The B.C. economy has fundamentally changed. Are we ready for tomorrow? - BCBusiness

new economic narrative for B.C.

Building a prosperous future for the province means putting people first as the fundamental driver of wealth, says BC Tech president and CEO Jill Tipping

I’ve come up with a set of rules that describe our reactions to technologies:
1. Anything that is in the world when you’re born is normal and ordinary and is just a natural part of the way the world works.
2. Anything that’s invented between when you’re 15 and 35 is new and exciting and revolutionary and you can probably get a career in it.
3. Anything invented after you’re 35 is against the natural order of things. 
–Douglas Adams

For Jill Tipping, that observation by late science fiction author Adams gets at the urgent need to shift our thinking about the B.C. economy and its future.
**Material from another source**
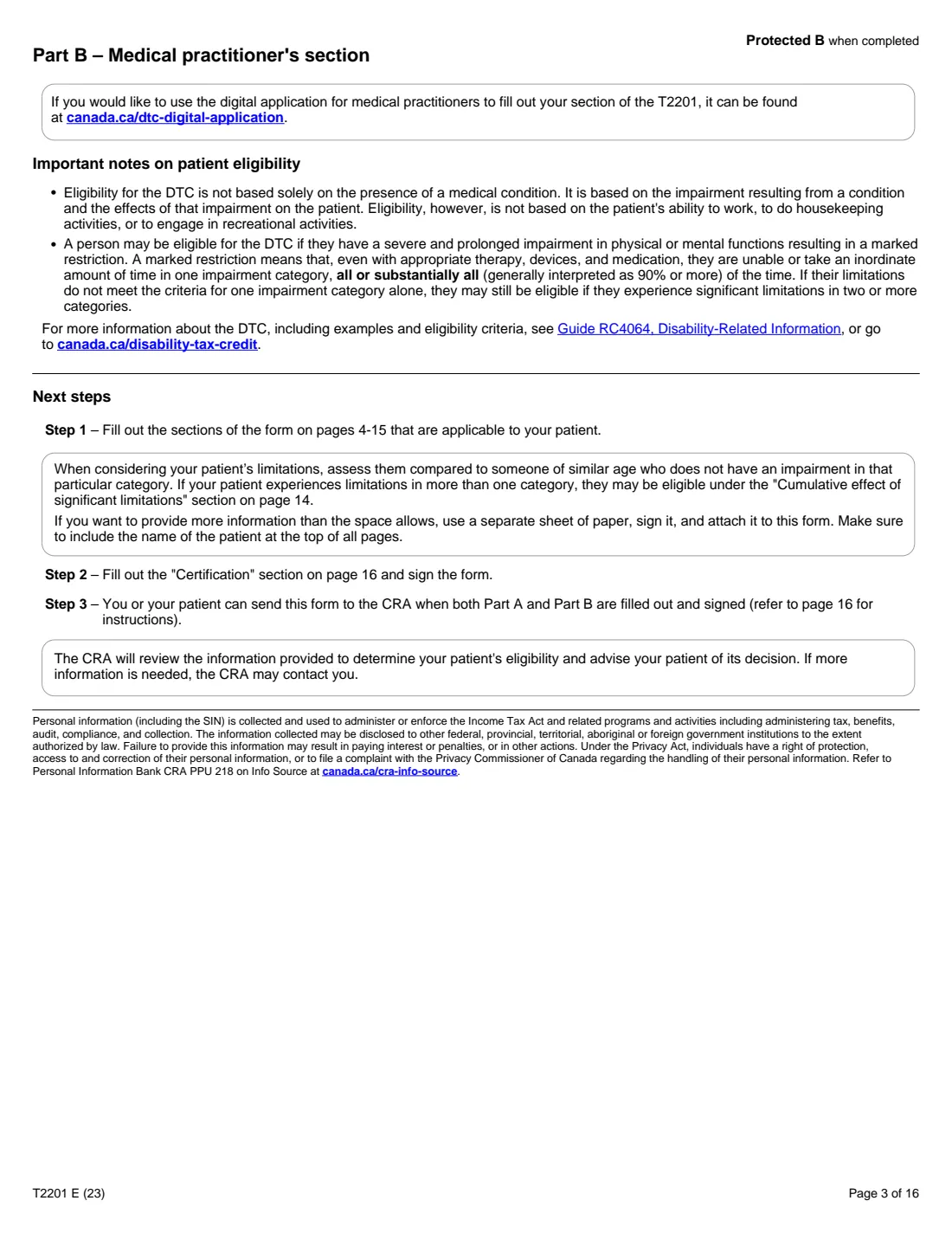 T2201 (2023) Disability Tax Credit Certificate (Part A – Individual's section) — page 3 of 16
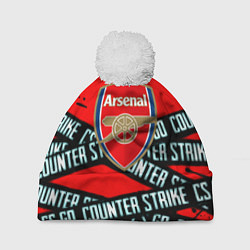 Шапка с помпоном Arsenal x counter strike game, цвет: 3D-белый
 Tipping is president and CEO of the BC Tech Association, which recently published A New Economic Narrative for British Columbia. The report’s thesis: Our economy isn’t what we tell ourselves it is. We still cling to the 20th-century image of B.C. as mostly an exporter of natural resources. But in fact, over the past three decades, we’ve become a knowledge and service-driven economy.

“How I would describe the call to action in this report is that it’s no longer enough to describe that we’re experiencing economic growth,” Tipping says. “We actually need to understand the why so that we can understand if it’s sustainable or not.”

The report presents B.C. as a small, open economy at an inflection point in a rapidly changing world. If physical assets drove economic growth, resilience and competitiveness during the previous century, the service economy of the 21st century hinges on intangible assets such as data and intellectual property.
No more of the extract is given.